Exercise
Pictures in the data must not be copied, but everything else should be output exactly.

--------------------------------------------------

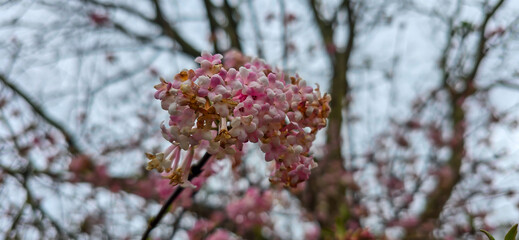 Viburnum blossom in winter time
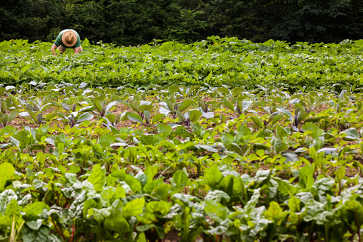 Picking Cukes, Barker's Farm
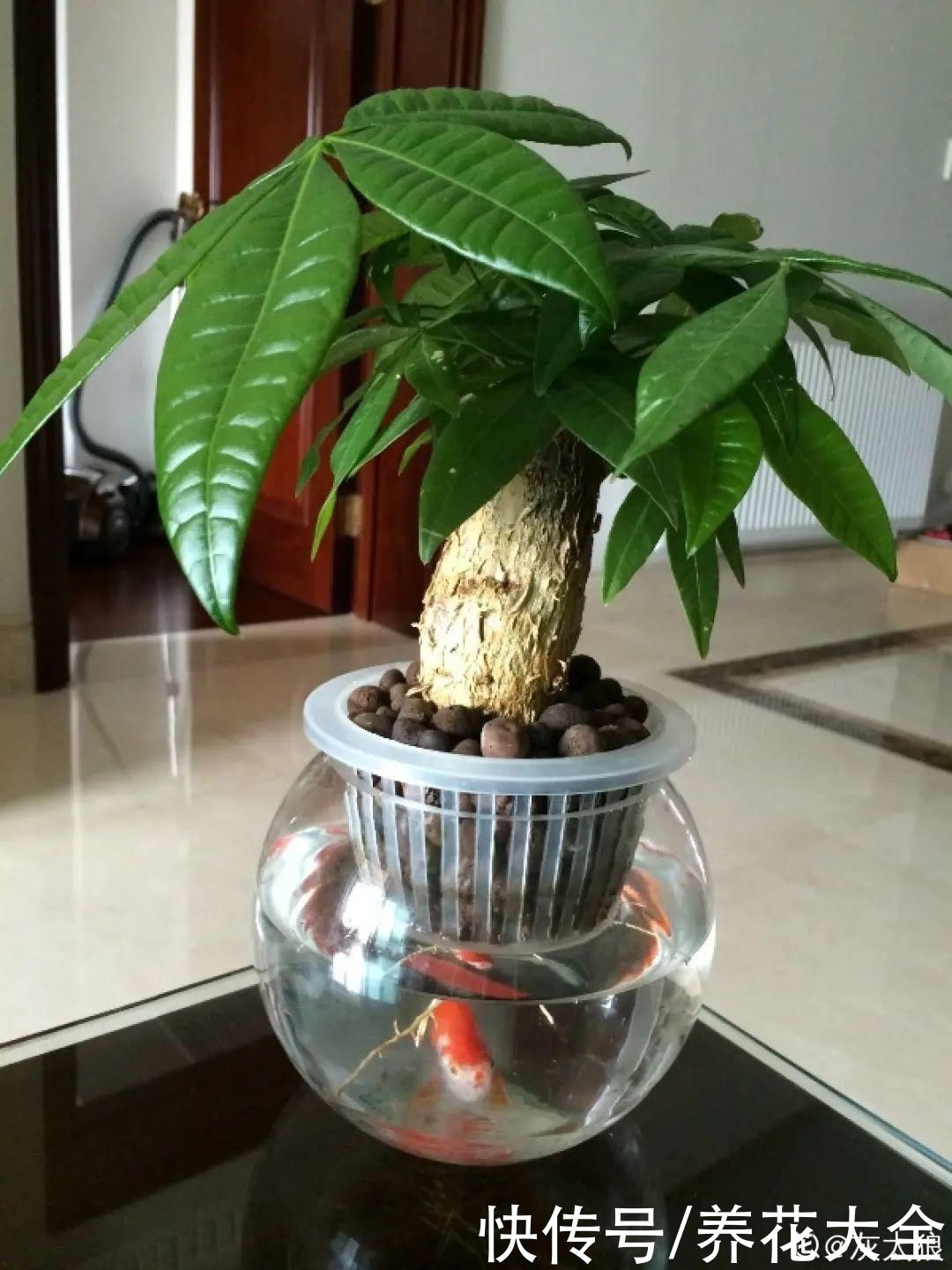 半死不活的花，扔水里，突然长疯了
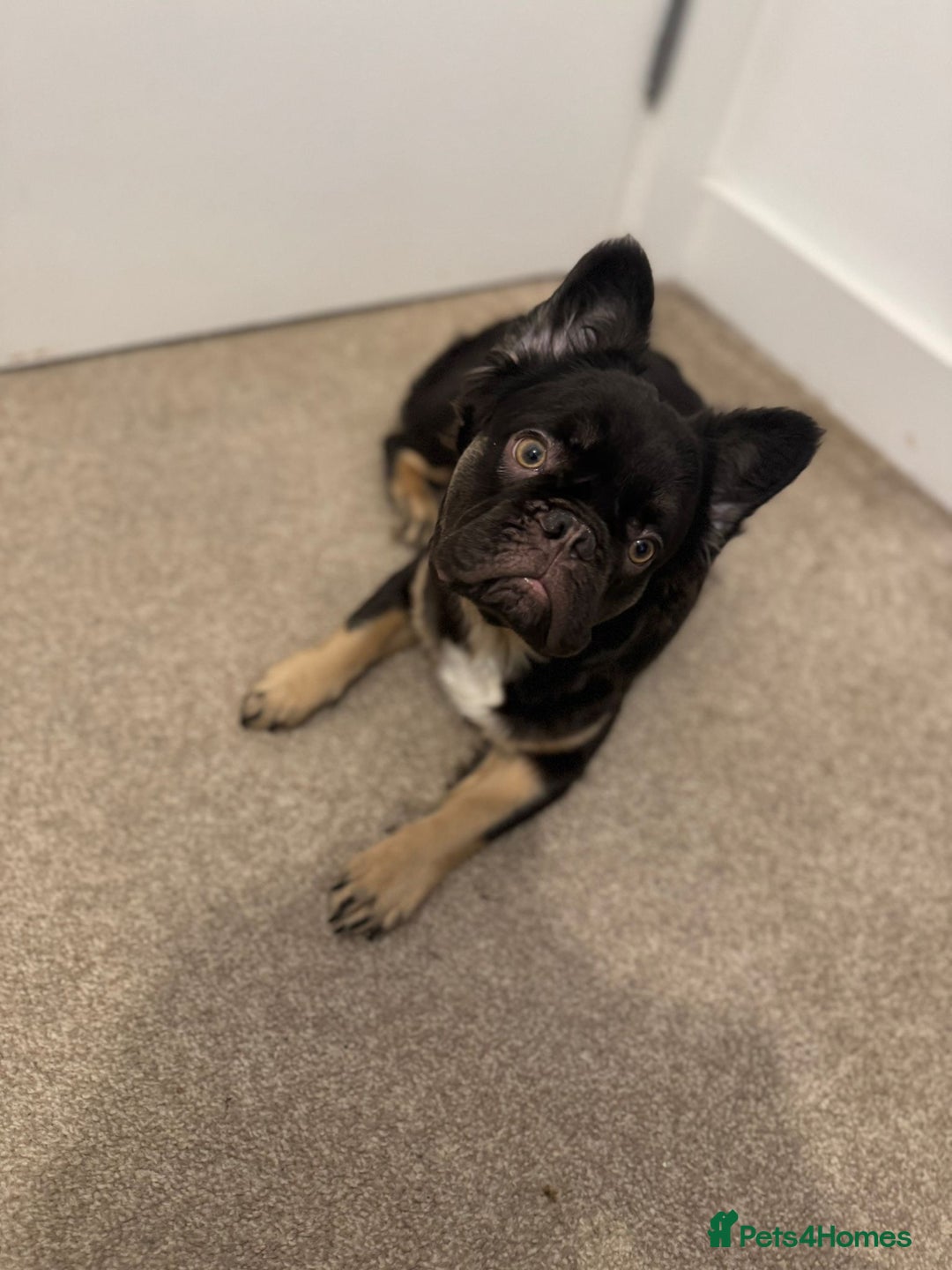 French Bulldog dogs for sale: Lovely, Affectionate Fluffy French Bulldog  - Advert 1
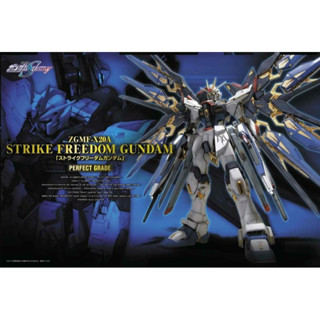 BANDAI PG 1/60 攻擊自由 ZGMF-X20A Strike Freedom 貨號5063056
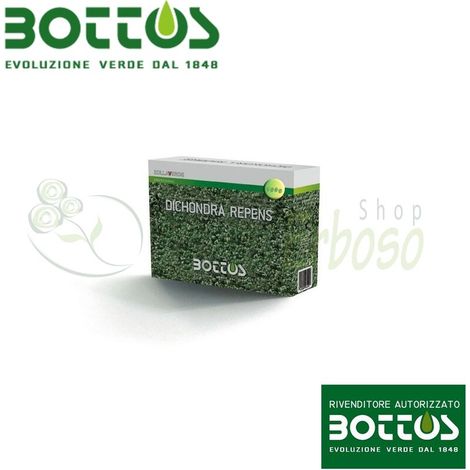 Dichondra Repens - 100 g de semillas de césped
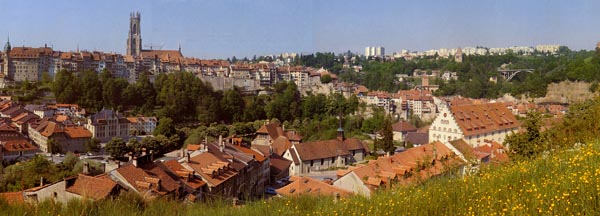 Panoramablick auf Freiburg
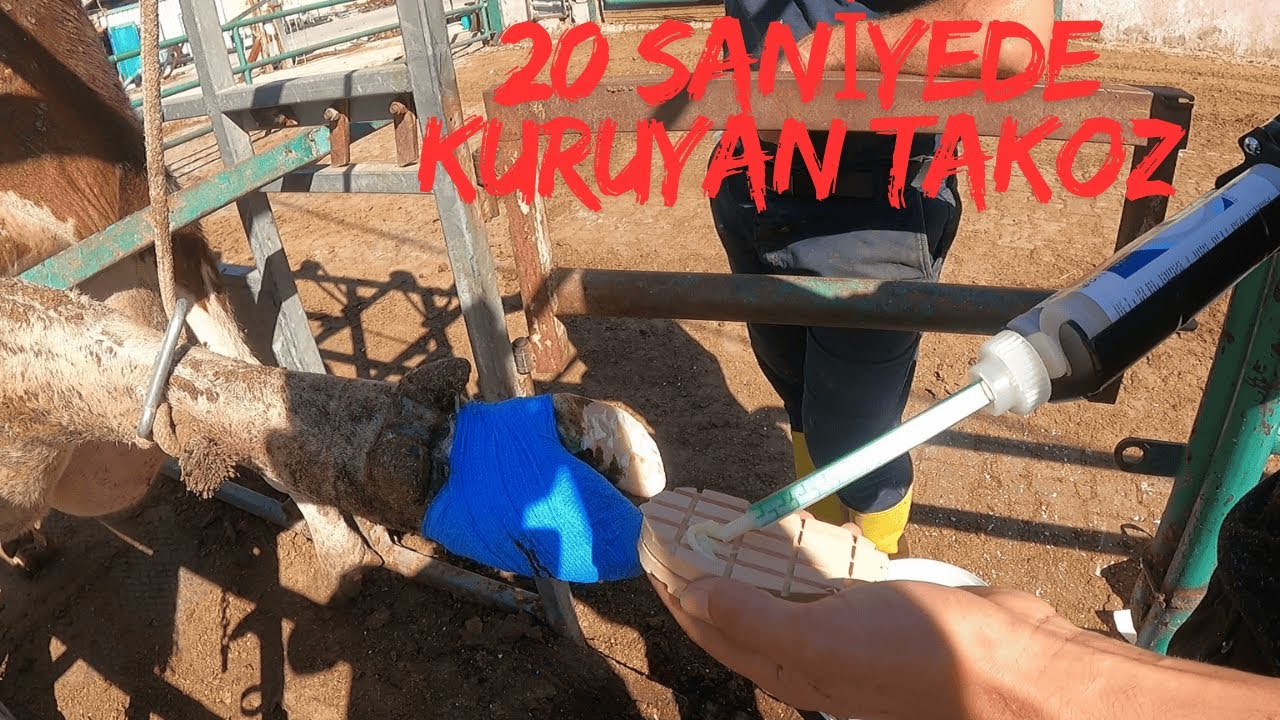 İnek Tırnak Takoz Uygulama / 20 Saniyede Takoz Uygulama / Dedeks Tırnak Takoz Uygulama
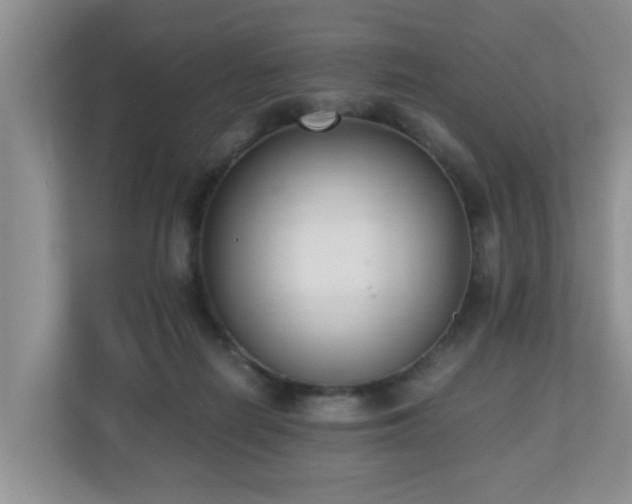 X0000110690266200906121232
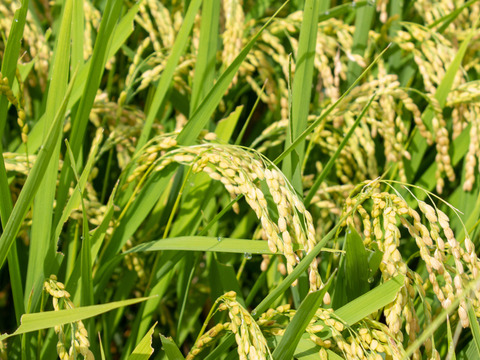 【ササニシキ 玄米10kg】【令和5年9月中旬収穫】山形置賜飯豊　希少育成困難品種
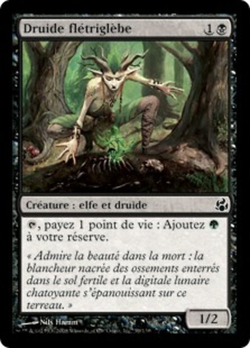 Druide flétriglèbe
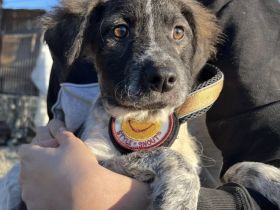 Kleine Kämpferin Romi sucht Zuhause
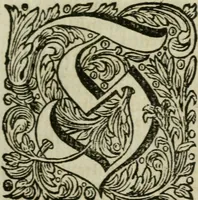An illustration from Des gottseeligen hocherleuchteten Jacob Böhmens teutonici Philosophi Alle theosophische Wercken : darinnen alle tieffe Geheimnüsse Gottes der ewigen und zeitlichen Natur und Creatur : samt dem wahren Grunde christlicher Religion und der Gottseeligkeit, nach dem apostolischen Gezeugnüss offenbahrer werden : theils aus des Authoris eigenen Originalen, theils aus den ersten und nachgesehenen besten Copyen auffs fleissigste corrigiret : und in Beyfügung etlicher Clavium so vorhin noch nie gedruckt, nebenst einem zweyfachen Register : den Liebhabern göttlicher und natürlicher Weissheit zum besten an Tag gegeben (1682)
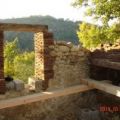 albas10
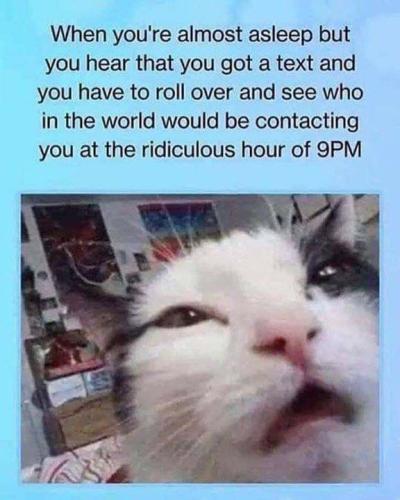 d722153ca5f013122e3064287373b9cb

--------------------------------------------------

Answer to the exercise
 Viburnum blossom in winter time
 Picking Cukes, Barker's Farm
 半死不活的花，扔水里，突然长疯了
 French Bulldog dogs for sale: Lovely, Affectionate Fluffy French Bulldog  - Advert 1
 BANDAI PG 1/60 攻擊自由 ZGMF-X20A Strike Freedom 貨號5063056
 Dichondra Repens - 100 g de semillas de césped
 Panoramablick auf Freiburg
 İnek Tırnak Takoz Uygulama / 20 Saniyede Takoz Uygulama / Dedeks Tırnak Takoz Uygulama
 X0000110690266200906121232
 【ササニシキ 玄米10kg】【令和5年9月中旬収穫】山形置賜飯豊　希少育成困難品種
 Druide flétriglèbe
 Kleine Kämpferin Romi sucht Zuhause
An illustration from Des gottseeligen hocherleuchteten Jacob Böhmens teutonici Philosophi Alle theosophische Wercken : darinnen alle tieffe Geheimnüsse Gottes der ewigen und zeitlichen Natur und Creatur : samt dem wahren Grunde christlicher Religion und der Gottseeligkeit, nach dem apostolischen Gezeugnüss offenbahrer werden : theils aus des Authoris eigenen Originalen, theils aus den ersten und nachgesehenen besten Copyen auffs fleissigste corrigiret : und in Beyfügung etlicher Clavium so vorhin noch nie gedruckt, nebenst einem zweyfachen Register : den Liebhabern göttlicher und natürlicher Weissheit zum besten an Tag gegeben (1682)
 albas10
 d722153ca5f013122e3064287373b9cb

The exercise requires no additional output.